Generation V

In a world-first, the health of a generation of Victorian children will be tracked and the data collated to create a holistic picture of the health of these children and help find solutions to our most intractable diseases and chronic health issues.

Generation Victoria aims to invite parents of all babies born in 2020 and 2021 across the state to participate, which translates to a potential pool 160,000 children for Gen V’s living laboratory.

Gen V has been made possible through a $24.5 million partnership with the Paul Ramsay Foundation over five years.

Paul Ramsay Foundation CEO, Simon Freeman, said the initiative will be significant because of its far-reaching effects and potential to unlock further research.

“We’re partnering with Gen V to give future researchers a platform and the infrastructure they need to base their research. This means studies will be completed faster and with less cost, translating to better preventions and treatments for all Australians,” Freeman said.

“This investment is a great example of how the Foundation’s strategy will target systemic change and improvement in population wide health through research in Australia,” he said.

Gen V Project Lead, Professor Melissa Wake, said the unique partnership between philanthropy, the Andrews Labor Government, researchers and families was ground breaking.

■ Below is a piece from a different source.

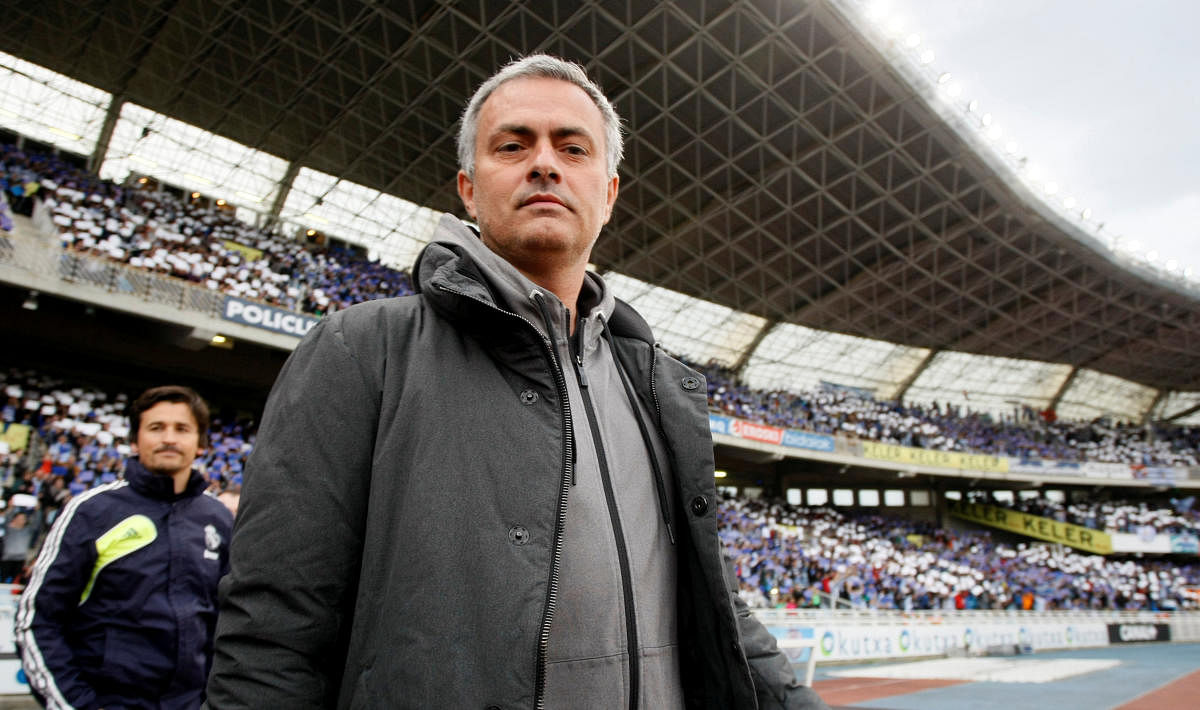 FILE PHOTO: Real Madrid's coach Jose Mourinho looks on as he enters the pitch before their Spanish first division soccer match against Real Sociedad at Anoeta stadium in San Sebastian, northern Spain, May 26, 2013. REUTERS/Joseba Etxaburu/File Photo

“It will mean we’re able to connect up the fantastic statewide services and data sets in place in Victoria, and in doing so provide improved personalised support, as well as targeted preventions and care for children and families,” Dr Wake said.

“This is the first time this kind of data has been bought together at a statewide level anywhere in the world. By doing this, we’ll be enabling solutions to diverse issues like obesity, allergies, infection, social exclusion, poor mental health and learning and other chronic health conditions,” she said.

Victorian Minister for Health, Jill Hennessy, said the Victorian government was supporting Gen V as a part of their long-term investment in specialist and community health programs.

“Victoria is a prime location for the project because of its world-renowned medical research facilities and universities,” Minister Hennessy said.

Minister Hennessy said the Andrews Labor government is committed to investing in research and will contribute $2 million towards the Gen V initiative.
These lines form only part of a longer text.